Actions right arrow Actions List right arrow Extract right arrow Extraction Property Gatherers

Most property gatherers are used internally by Helium Scraper to define Kinds and you will never need to worry about them. Some of them, though, can give useful information, such as the Text and SrcAttribute property gatherers. The property gatherers that are available for extraction can be set at Project -> Options -> Select Property Gatherers under the Extraction tab.

Below is the list of property gatherers that are available for extraction by default. If you would like to know what a property gatherer that is not listed does, you can test it by following these steps:

  1. Click the Choose visible properties button in the Selection panel at the bottom of the screen.
  2. Deselect all items by clicking twice on Select all and select the one you would like to test and press OK.
  3. Now select some elements on the web page and the chosen property of the selected elements will be shown.


ID_{Table Name}

Finds the closest element that has been extracted or updated in {Table Name} and that has a one-to-many relationship to the currently extracted element and gets the Id of the row to which it has been extracted or updated.

If the current document is one of the visited documents of a Navigate Each action and the previous element has been extracted from the parent document that contains the links, the matching element will be either the visited link or the element that is closest to the link.

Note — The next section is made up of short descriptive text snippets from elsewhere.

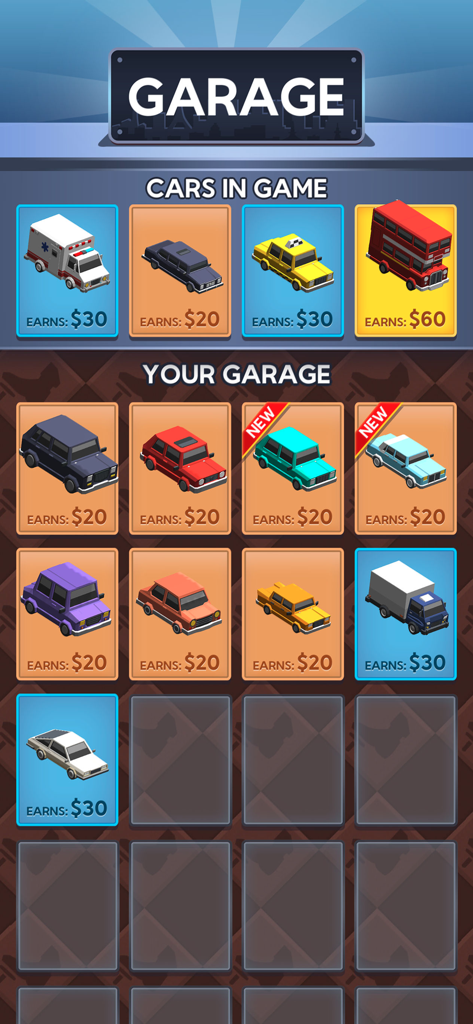 Menu de garage dans le jeu mobile Drive and Park montrant diverses voitures déblocables et leurs gains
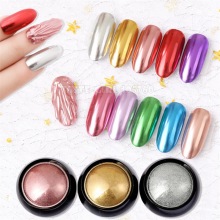 1 Jar Ultra-Fine Shiny Electroplated Metal Titanium Dust Gold Silver Magic Mirror Powder Nail Art Decal Manicure DIY Easy Apply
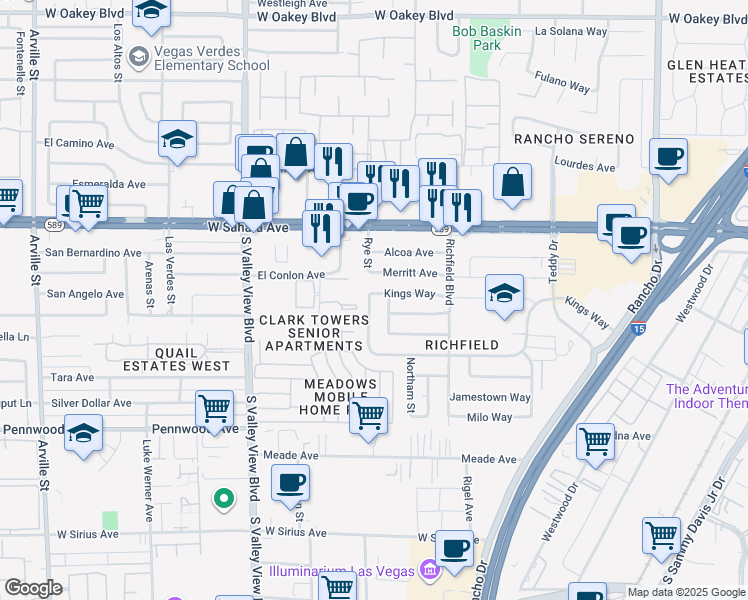 map of restaurants, bars, coffee shops, grocery stores, and more near 3209 Kings Way in Las Vegas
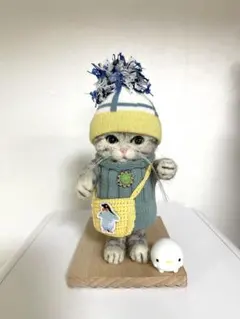1点もの！羊毛フェルトお買い物猫ちゃん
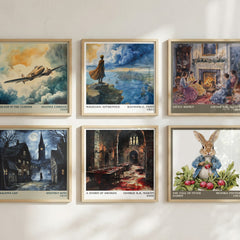 A Storm of Swords Literary Art Print by George R. R. Martin – square print in a six-frame gallery wall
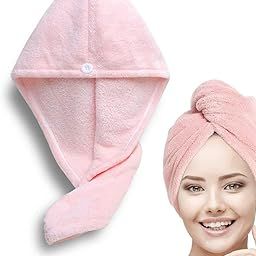 Status Contract Head Towel|Standard Size Microfiber Quick Dry Towel|Super Absorbent & Soft|Luxury Spa Towels with Hook|Lightweight Travel Towel |-Pack of 2 |(Pink), 200 Tc-image-1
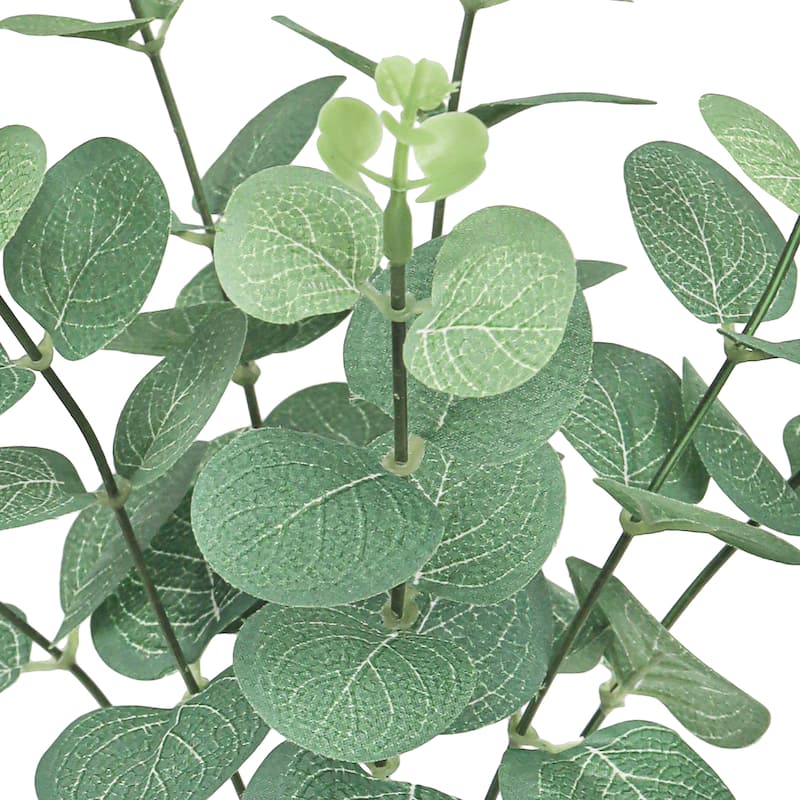 Set of 4 Artificial Eucalyptus Leaf Stem Plant Greenery Foliage Bush 13in - 13" L x 7" W x 7" DP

This is possible because Helium Scraper stores extracted elements together with information about updates made by the Extract action to the database in the Virtual Tree, which exists during the whole current extraction process.

JS_MailTo

Gets the email from an A element when the href attribute starts with mailto. These are the links that when clicked, take you to the default email application with a blank, ready to be sent email.

Link

Gets the href attribute of an HTML element, which contains destination URL of a link.

OuterHTML

Gets the HTML code of the element.

SingleLineInnerText

Gets the inner text of an element, but with new lines replaced by spaces.

SrcAttribute

Gets the src attribute of an HTML element. The src element contains the URL in an image element. This is the property you would usually use when downloading pictures.

Text

Gets the text of the element after removing any leading and trailing whitespace characters. To get the non-trimmed text use the InnerText gatherer (note that InnerText is not an extraction gatherer by default).

Url

Gets the URL of the web page in which the element is located. This implies the Url will be the same for every element in the web page.

Value

In an INPUT element, such as a text box, contains its current value.